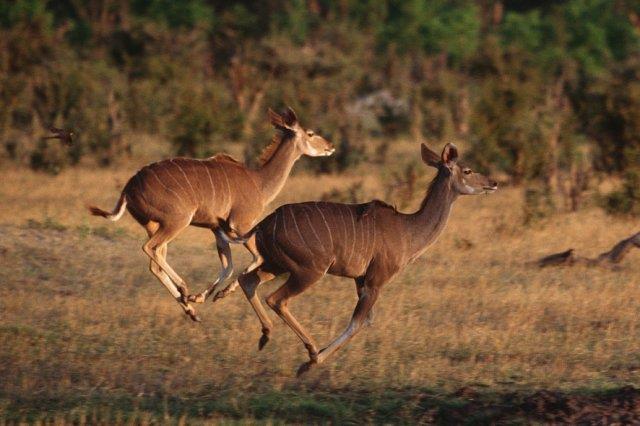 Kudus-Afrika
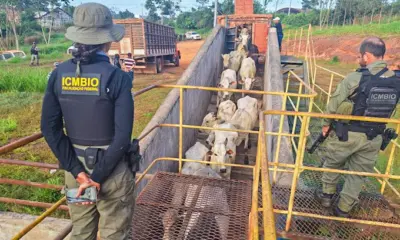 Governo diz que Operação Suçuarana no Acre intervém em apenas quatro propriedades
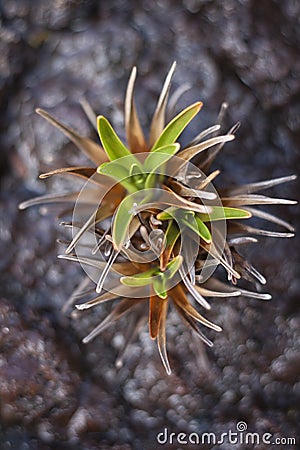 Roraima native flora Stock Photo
────────
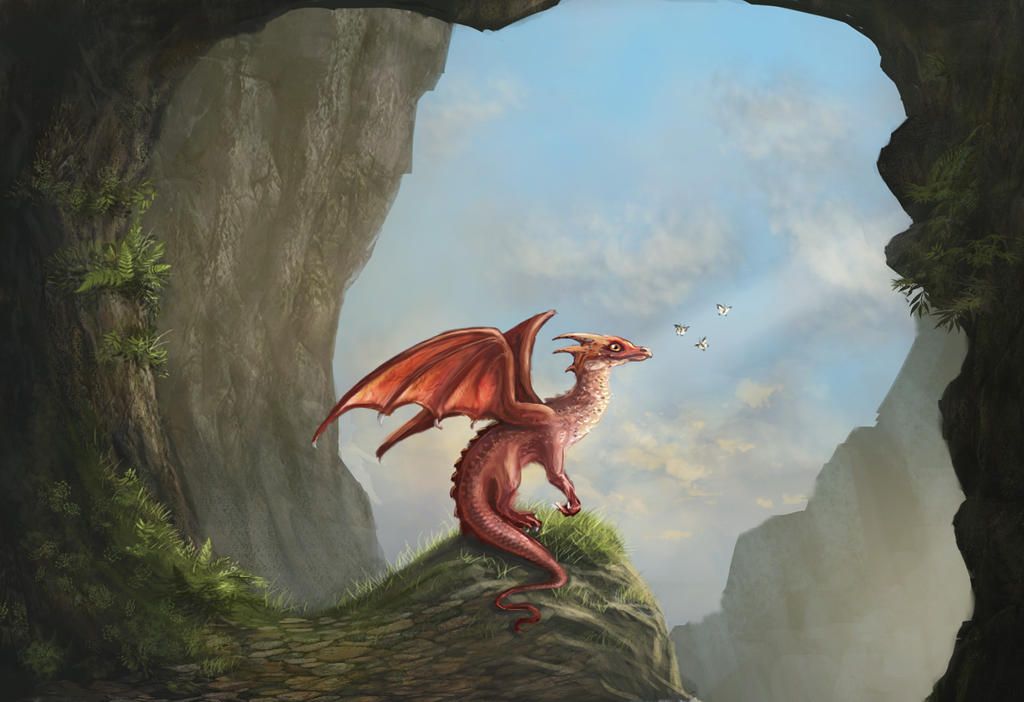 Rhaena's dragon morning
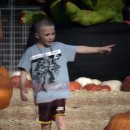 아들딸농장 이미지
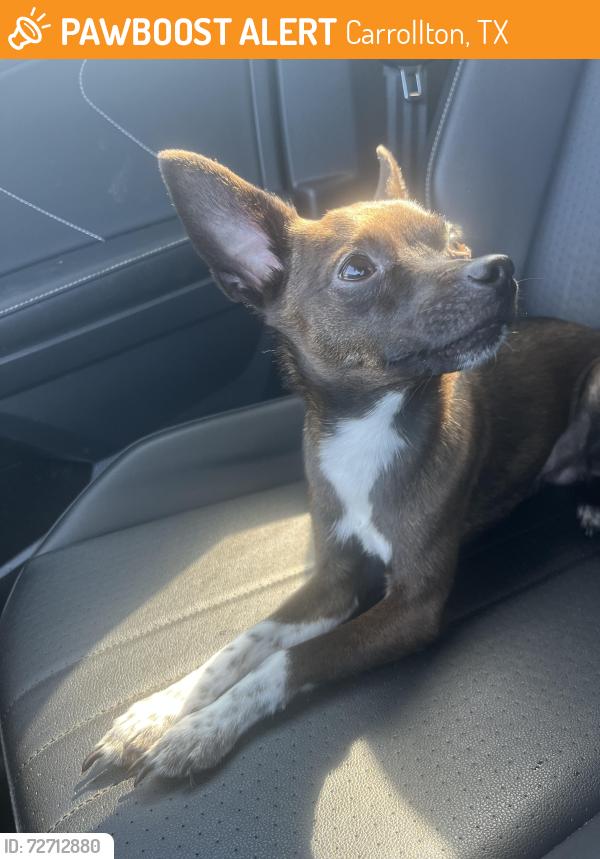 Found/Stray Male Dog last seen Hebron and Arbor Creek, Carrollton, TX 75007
────────
• [Try it]: Reproduce exactly the lines above that run from the one with "Kudus-Afrika" to the one with "Roraima native flora Stock Photo", both included, leaving pictures out.

• [Reply]:
 Kudus-Afrika
 Governo diz que Operação Suçuarana no Acre intervém em apenas quatro propriedades
 Roraima native flora Stock Photo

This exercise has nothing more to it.